### Assignment
Leaving out all pictures, transcribe exactly the lines between the line with "product thumbnail 4" and the last line of the records below, both included.

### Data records
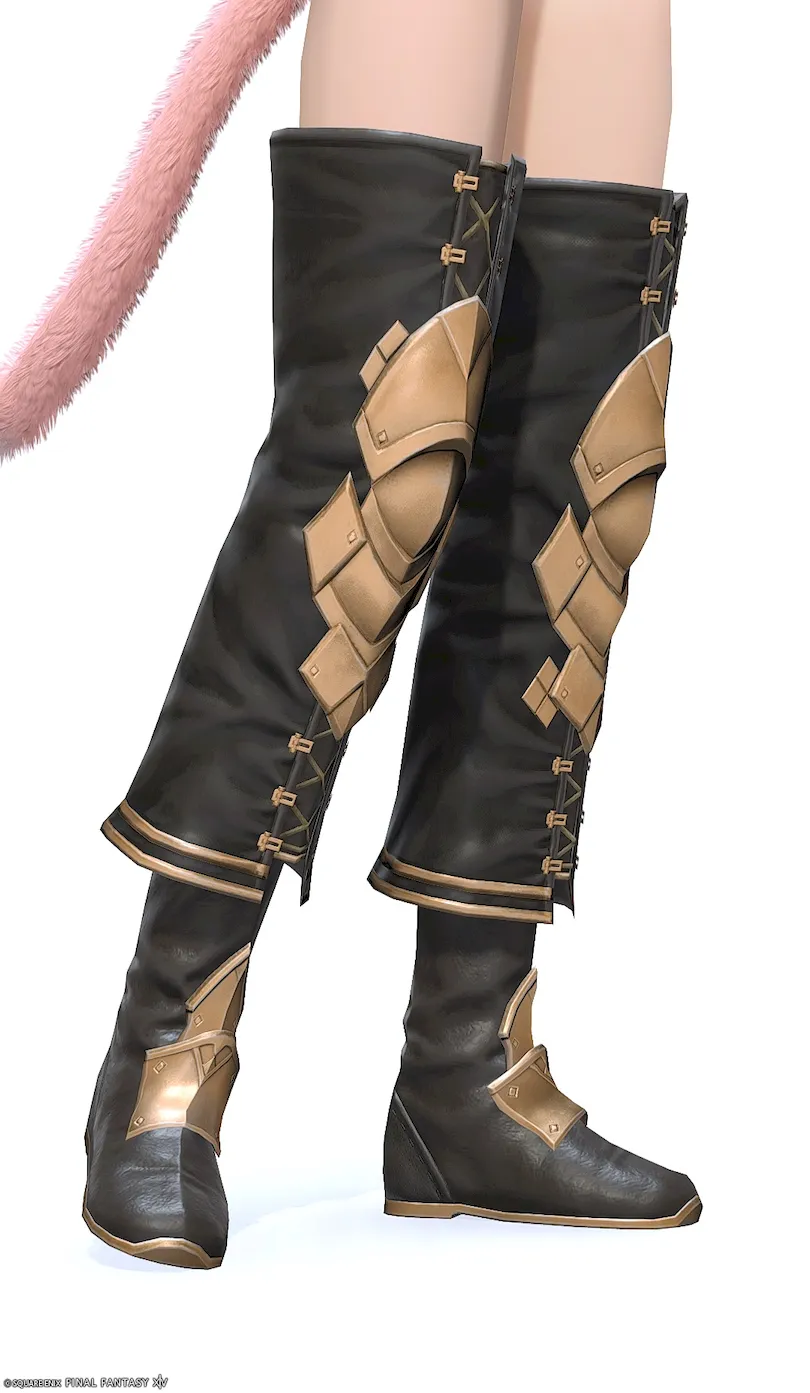 ミラプリ「ミストウェイク・ディフェンダーグリーヴ」装備ミコッテでの見た目紹介17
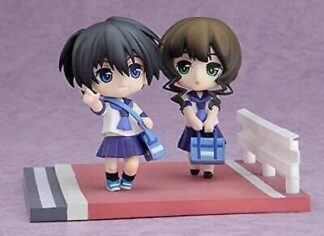 Nendoroid Petit Mato & Yomi BLACK ROCK SHOOTER Good Smile Company Figure Japan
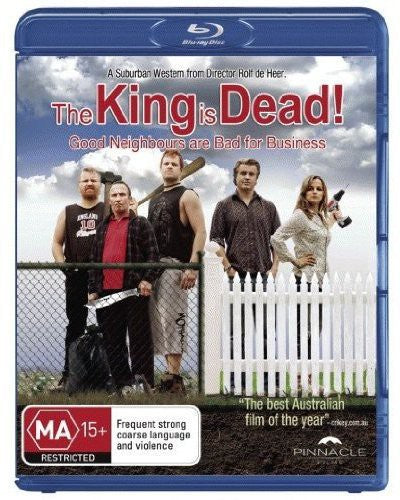 King Is Dead - King Is Dead - Blu-ray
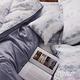 絲薇諾  MIT 60支紗 100%天絲 五件式兩用被套床罩組-雙人加大6尺-紫風鈴 product thumbnail 4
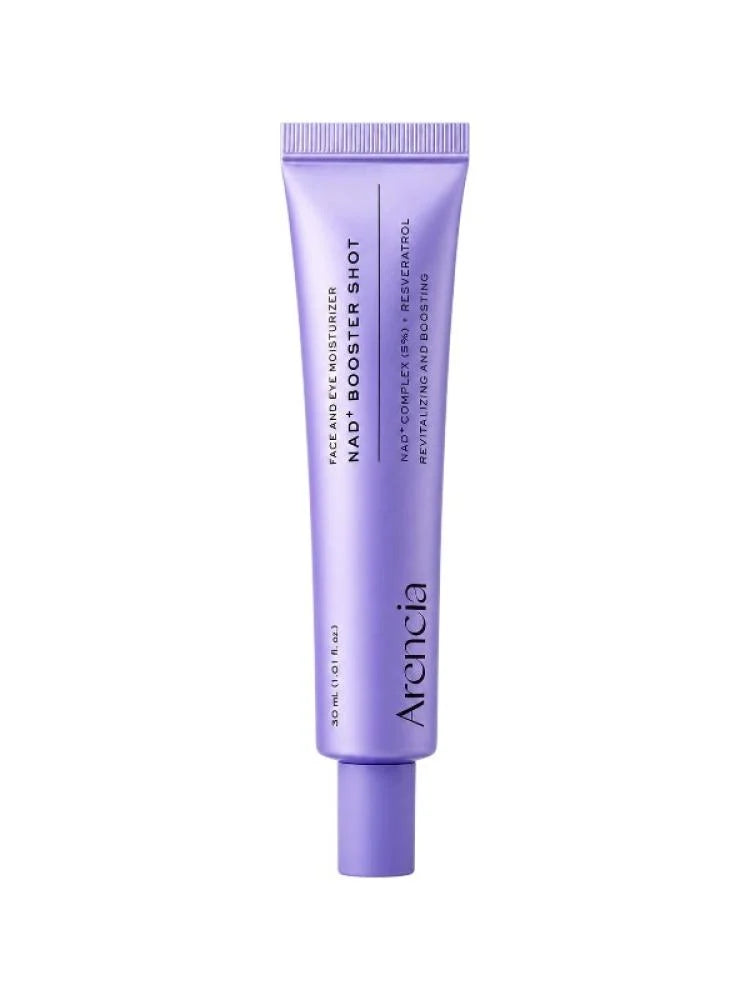 Arencia NAD+ Booster Shot Face & Eye Moisturizer 30ml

### Problem solution
 絲薇諾  MIT 60支紗 100%天絲 五件式兩用被套床罩組-雙人加大6尺-紫風鈴 product thumbnail 4
 Arencia NAD+ Booster Shot Face & Eye Moisturizer 30ml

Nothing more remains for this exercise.